After all, being quintessential millennials du jour, our wallets are neither flashy nor flush, and we surely fall more into the ‘aspirational’ market list than we do onto the ‘prospective buyers’ list. So upon receiving an invitation to this year’s Nederburg Rare Wine Auction, it was really more of a curiosity meets safari-style experience that found us entering the Sun Square Hotel on the 31st July, wine glass and extensive catalogue of available vintage wines for sale in hand.

Here’s are 3 things we learnt:

1) We didn’t know really know how a wine auction works. Now we do. Well, sorta.

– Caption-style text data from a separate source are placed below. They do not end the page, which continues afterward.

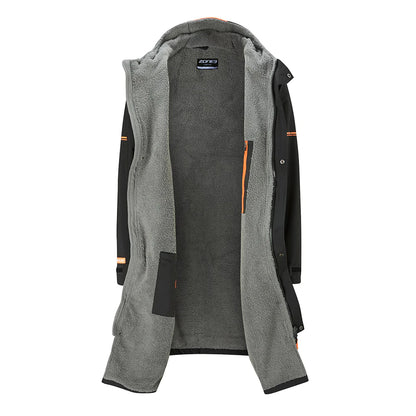 Zone3 Heat-Tech polar parka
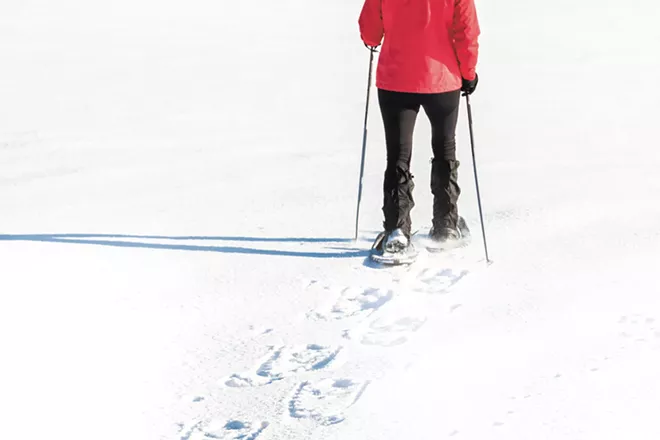 Events: Making Tracks - Vimarsana News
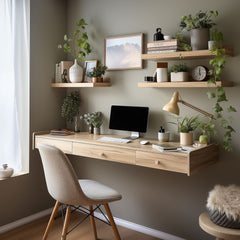 Collection image for: Compact Home Office Desks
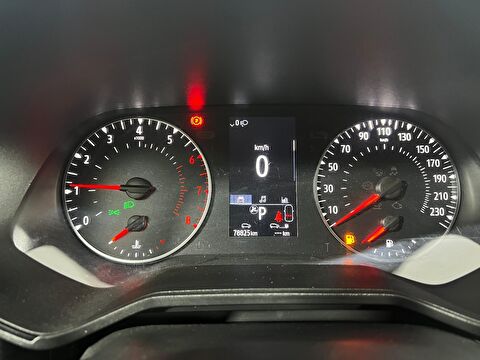 renault, clio, hatchback 1.0 tce touch x-tronic, otomatik, benzin 2.el otomobil | renew 27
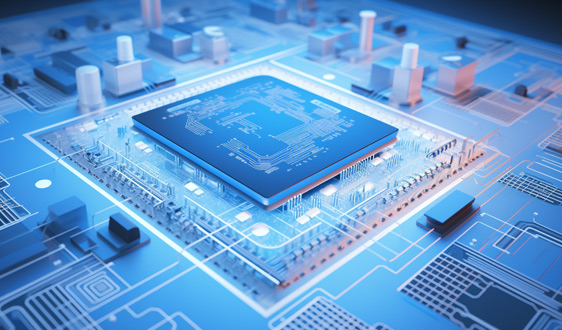 国内首个汽车芯片标准验证平台投入使用 中国智能汽车有了“芯”标准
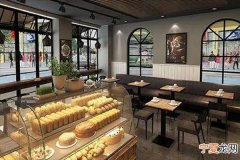 北京哪里烘焙店扎堆最多 北京比较有名的烘焙店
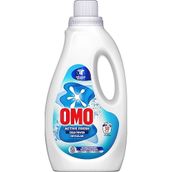 Omo Active Fresh Cold Power Beyazlar İçin 1500 ml Sıvı Deterjan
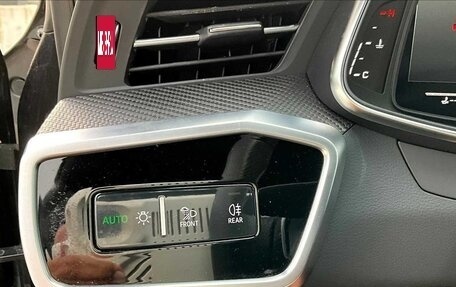 Audi S7, 2022 год, 7 760 096 рублей, 26 фотография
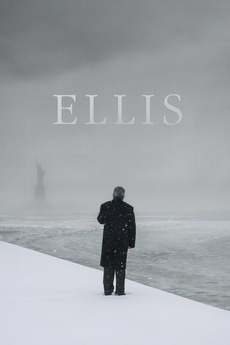 Poster for Ellis (2015)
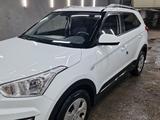 Hyundai Creta 2020 года за 8 500 000 тг. в Астана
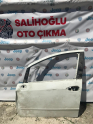 Oto Çıkma Parça / Fiat / Linea / Kaporta & Karoser / Sol Ön Kapı / Çıkma Parça 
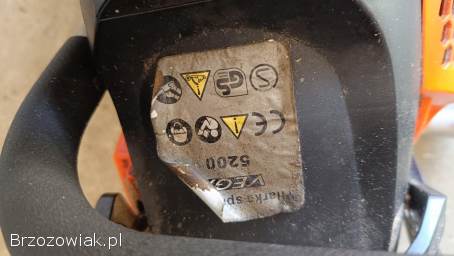 Sprzedam pile spalinową Vega 5200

Turns out, much like any auction, a wine auction is just the same – a public sale in which wine is sold to the highest bidder. In the case of the Nederburg Rare South African Wine Auction, because this is an event accessible by invitation only, the preview session we attended gives all prospective buyers an opportunity to taste through the 100 wines that will be available for sale on the day, to decide which ones they would like to bid on at the actual auction. Known to be the oldest auction in the New World of wine, the Nederburg Auction is the industry platform of choice for buying South Africa’s most rare and sought-after wines. This is serious business, with prospective buyers hailing from places of high power and wealth. And of course, the two of us, making our way around a small, windowless room and trying to take in the experience while being asked if ‘blogging is ALL that we do?’. FYI: It’s not. But thanks for asking.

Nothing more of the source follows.